“In an executive order the Obama Administration has secretly blocked the re-importation of American made M-1 Garand and Carbine rifles being stored in South Korea,” the National Association for Gun Rights (NAGR) asserts. “These rifles were used by the US military during the Korean War and left there after the war was over. With one stroke of his pen, he by-passed the legislative process and banned nearly a million American made rifles by executive fiat.” Yes, well, a few points of clarification . . .
The blocked sale (technically not a ban) wan’t a secret; it just went unremarked and unreported for a while. The U.S. never used the M-1 rifles in question; they were part of a lend-lease deal for the South Koreans, who stored the unused firearms in case of war.
Although it’s true that the State Department’s rationale for blocking the sale is inherently preposterous, the Obama administration wasn’t doing an end-run on democracy. They have the legal power to stop the importation deal. And the South Koreans have 857,470 spare rifles. That’s 142,530 weapons shy of a million.

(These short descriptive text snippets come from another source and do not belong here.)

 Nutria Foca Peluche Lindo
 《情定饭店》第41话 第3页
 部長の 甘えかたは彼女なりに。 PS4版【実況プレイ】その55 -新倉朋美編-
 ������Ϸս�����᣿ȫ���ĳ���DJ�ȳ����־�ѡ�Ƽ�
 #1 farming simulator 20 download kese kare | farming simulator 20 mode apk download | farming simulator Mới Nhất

Close enough? As we mentioned before, this “issue” is a storm in a teacup. It’s not as if the American firearms market is hurting for rifles. Does it really matter if endless crates of broken-ass Garands flood the U.S. market, depressing rifle prices, or not?
They are antiques of historical interest, particularly for those who, unlike Clinton and her husband, served this country honorably in America’s foreign wars.

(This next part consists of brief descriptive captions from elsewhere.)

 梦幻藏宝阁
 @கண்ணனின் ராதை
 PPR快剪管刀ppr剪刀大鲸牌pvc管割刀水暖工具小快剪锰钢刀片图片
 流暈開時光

That’s a misrepresentation; historians have plenty of M-1 Garands. As for the cheap shot at Clinton, OK, that’s funny. Still, NAGR should choose its battles more carefully. The average gun owner isn’t going to see the [potential] destruction of hundreds of thousands of defunct South Koren weapons as an assault on their rights. Good for fund-raising. Bad for the brand.

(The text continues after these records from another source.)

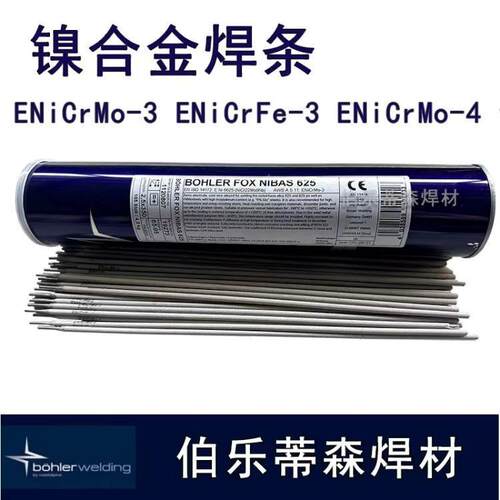 进口伯乐T Phoenix Cr1Mo、 E8018-B2 H4R低合金钢焊条E5518-1CM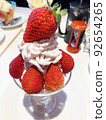 草莓凍糕配大量草莓 草莓凍糕配大量草莓 92654265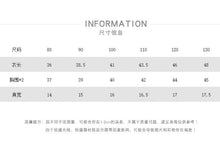 將圖片載入圖庫檢視器 2275SE-夏季薄款日韓風森系復古透氣純棉無袖背心上衣
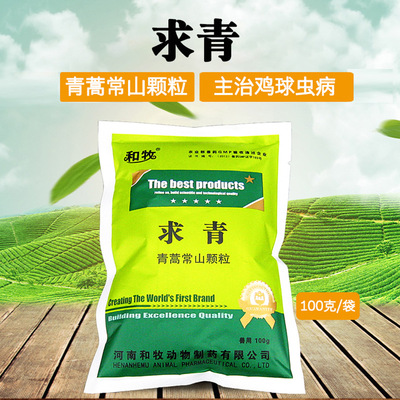 Coccidiostats Anthelmintic Coccidia stress Drug resistance Rabbit medicine wholesale goods in stock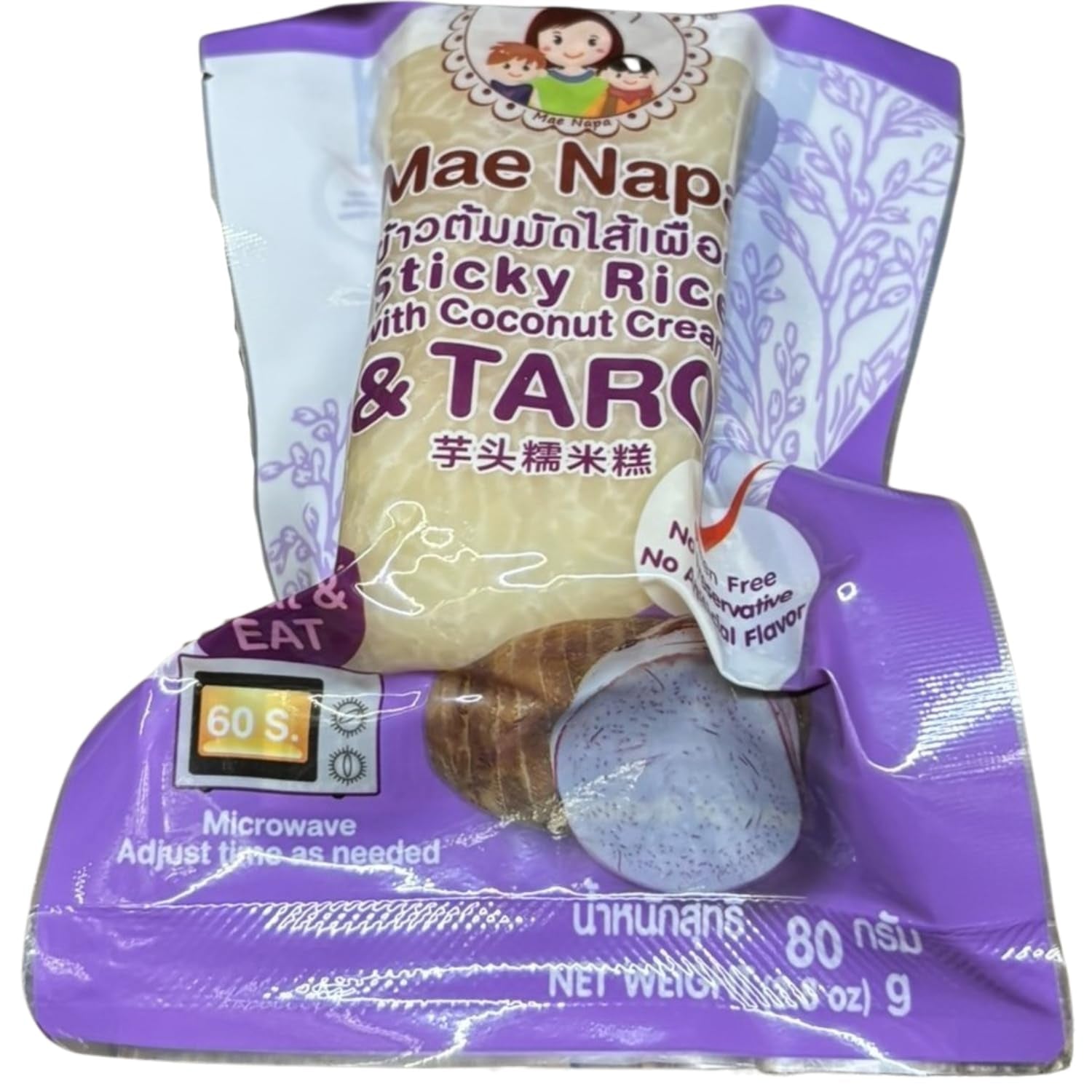 - Klibbigt ris med kokos och taro - (6 x 80 g)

Anyway, here’s an alternative theory on the motivation for the blocked sale, from commentator slobo:
Have you noticed that a huge quantity of brand new SKS’s have flooded the market, as not seen in thirty years. Where do you think those SKS’s were imported from? China? For sure. Importing the M1 Garands from South Korea would infringe on China’s ability to sell their SKS’s to the American public. This issue has nothing to do with the American public arming themselves, it is purely economic.
If not China, something. Not gun control per se, methinks.